▸ **WORK ITEM**: Restate the data exactly, with nothing altered.

▸ **DATA SECTION**:
============================================================

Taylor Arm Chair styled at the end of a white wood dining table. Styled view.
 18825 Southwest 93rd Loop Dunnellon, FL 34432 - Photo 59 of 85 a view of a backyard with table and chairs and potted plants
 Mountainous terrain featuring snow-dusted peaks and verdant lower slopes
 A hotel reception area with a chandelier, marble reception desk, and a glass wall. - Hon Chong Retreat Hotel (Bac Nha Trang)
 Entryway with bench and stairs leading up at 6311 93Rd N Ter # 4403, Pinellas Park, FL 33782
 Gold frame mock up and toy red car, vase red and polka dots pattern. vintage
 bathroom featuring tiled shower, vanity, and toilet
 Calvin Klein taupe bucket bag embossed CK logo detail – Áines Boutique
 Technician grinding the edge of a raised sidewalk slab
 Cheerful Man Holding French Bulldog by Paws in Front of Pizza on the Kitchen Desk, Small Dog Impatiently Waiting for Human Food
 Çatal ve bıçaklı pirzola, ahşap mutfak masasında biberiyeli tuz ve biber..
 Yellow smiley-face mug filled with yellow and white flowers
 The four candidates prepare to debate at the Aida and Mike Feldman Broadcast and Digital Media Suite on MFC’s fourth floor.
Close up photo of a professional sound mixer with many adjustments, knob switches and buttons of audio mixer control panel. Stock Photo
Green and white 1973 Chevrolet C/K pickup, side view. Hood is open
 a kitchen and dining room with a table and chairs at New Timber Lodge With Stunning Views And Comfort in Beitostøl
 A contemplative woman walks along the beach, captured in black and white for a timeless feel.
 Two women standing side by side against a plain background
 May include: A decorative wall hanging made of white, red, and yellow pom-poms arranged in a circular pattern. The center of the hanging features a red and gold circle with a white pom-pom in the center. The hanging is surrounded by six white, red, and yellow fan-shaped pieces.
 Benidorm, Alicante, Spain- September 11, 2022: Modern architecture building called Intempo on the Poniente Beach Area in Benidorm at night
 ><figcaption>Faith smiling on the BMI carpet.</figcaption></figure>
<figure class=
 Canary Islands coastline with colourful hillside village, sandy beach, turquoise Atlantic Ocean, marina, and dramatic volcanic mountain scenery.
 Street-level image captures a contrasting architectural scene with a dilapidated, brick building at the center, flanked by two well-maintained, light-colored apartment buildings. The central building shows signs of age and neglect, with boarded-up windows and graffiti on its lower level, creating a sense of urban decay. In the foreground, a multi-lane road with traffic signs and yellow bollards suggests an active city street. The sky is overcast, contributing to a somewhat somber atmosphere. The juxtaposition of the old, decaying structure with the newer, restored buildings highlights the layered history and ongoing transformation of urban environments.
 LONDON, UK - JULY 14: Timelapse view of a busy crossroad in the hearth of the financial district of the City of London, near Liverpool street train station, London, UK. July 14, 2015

============================================================

▸ **TASK ANSWER**:
Taylor Arm Chair styled at the end of a white wood dining table. Styled view.
 18825 Southwest 93rd Loop Dunnellon, FL 34432 - Photo 59 of 85 a view of a backyard with table and chairs and potted plants
 Mountainous terrain featuring snow-dusted peaks and verdant lower slopes
 A hotel reception area with a chandelier, marble reception desk, and a glass wall. - Hon Chong Retreat Hotel (Bac Nha Trang)
 Entryway with bench and stairs leading up at 6311 93Rd N Ter # 4403, Pinellas Park, FL 33782
 Gold frame mock up and toy red car, vase red and polka dots pattern. vintage
 bathroom featuring tiled shower, vanity, and toilet
 Calvin Klein taupe bucket bag embossed CK logo detail – Áines Boutique
 Technician grinding the edge of a raised sidewalk slab
 Cheerful Man Holding French Bulldog by Paws in Front of Pizza on the Kitchen Desk, Small Dog Impatiently Waiting for Human Food
 Çatal ve bıçaklı pirzola, ahşap mutfak masasında biberiyeli tuz ve biber..
 Yellow smiley-face mug filled with yellow and white flowers
 The four candidates prepare to debate at the Aida and Mike Feldman Broadcast and Digital Media Suite on MFC’s fourth floor.
Close up photo of a professional sound mixer with many adjustments, knob switches and buttons of audio mixer control panel. Stock Photo
Green and white 1973 Chevrolet C/K pickup, side view. Hood is open
 a kitchen and dining room with a table and chairs at New Timber Lodge With Stunning Views And Comfort in Beitostøl
 A contemplative woman walks along the beach, captured in black and white for a timeless feel.
 Two women standing side by side against a plain background
 May include: A decorative wall hanging made of white, red, and yellow pom-poms arranged in a circular pattern. The center of the hanging features a red and gold circle with a white pom-pom in the center. The hanging is surrounded by six white, red, and yellow fan-shaped pieces.
 Benidorm, Alicante, Spain- September 11, 2022: Modern architecture building called Intempo on the Poniente Beach Area in Benidorm at night
 ><figcaption>Faith smiling on the BMI carpet.</figcaption></figure>
<figure class=
 Canary Islands coastline with colourful hillside village, sandy beach, turquoise Atlantic Ocean, marina, and dramatic volcanic mountain scenery.
 Street-level image captures a contrasting architectural scene with a dilapidated, brick building at the center, flanked by two well-maintained, light-colored apartment buildings. The central building shows signs of age and neglect, with boarded-up windows and graffiti on its lower level, creating a sense of urban decay. In the foreground, a multi-lane road with traffic signs and yellow bollards suggests an active city street. The sky is overcast, contributing to a somewhat somber atmosphere. The juxtaposition of the old, decaying structure with the newer, restored buildings highlights the layered history and ongoing transformation of urban environments.
 LONDON, UK - JULY 14: Timelapse view of a busy crossroad in the hearth of the financial district of the City of London, near Liverpool street train station, London, UK. July 14, 2015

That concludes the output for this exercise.